_Task item:_
For the entries that follow, restate word for word the line containing "Карина Алиева ингушка", the line containing "Stellar Blade: Blood Rain screenshot 3", and every line that lies between them.

_Stored data:_
########################################
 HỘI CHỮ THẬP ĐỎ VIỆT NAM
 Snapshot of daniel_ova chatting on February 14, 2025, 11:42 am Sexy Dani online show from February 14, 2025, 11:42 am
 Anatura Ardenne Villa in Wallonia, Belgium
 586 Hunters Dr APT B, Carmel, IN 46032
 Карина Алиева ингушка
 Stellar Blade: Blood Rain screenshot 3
########################################
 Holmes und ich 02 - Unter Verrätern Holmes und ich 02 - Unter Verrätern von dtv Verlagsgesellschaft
########################################
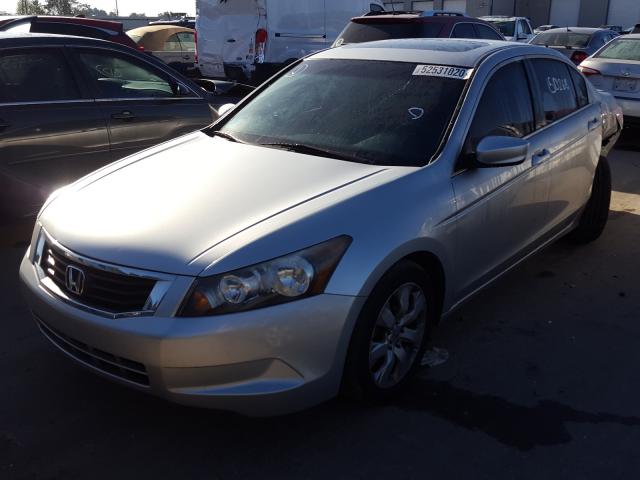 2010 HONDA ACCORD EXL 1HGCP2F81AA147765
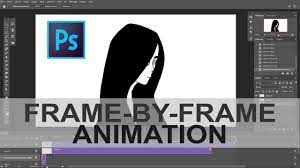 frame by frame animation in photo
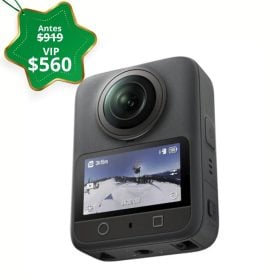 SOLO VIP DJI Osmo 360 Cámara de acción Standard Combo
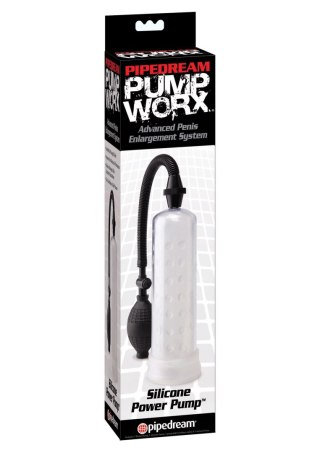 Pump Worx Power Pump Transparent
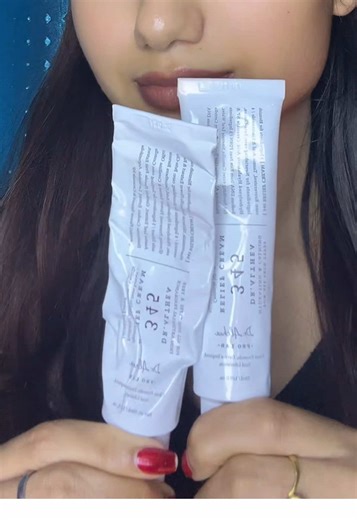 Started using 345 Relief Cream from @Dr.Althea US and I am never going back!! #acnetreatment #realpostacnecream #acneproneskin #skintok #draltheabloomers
########################################
_Answer for this exercise:_
 Карина Алиева ингушка
 Stellar Blade: Blood Rain screenshot 3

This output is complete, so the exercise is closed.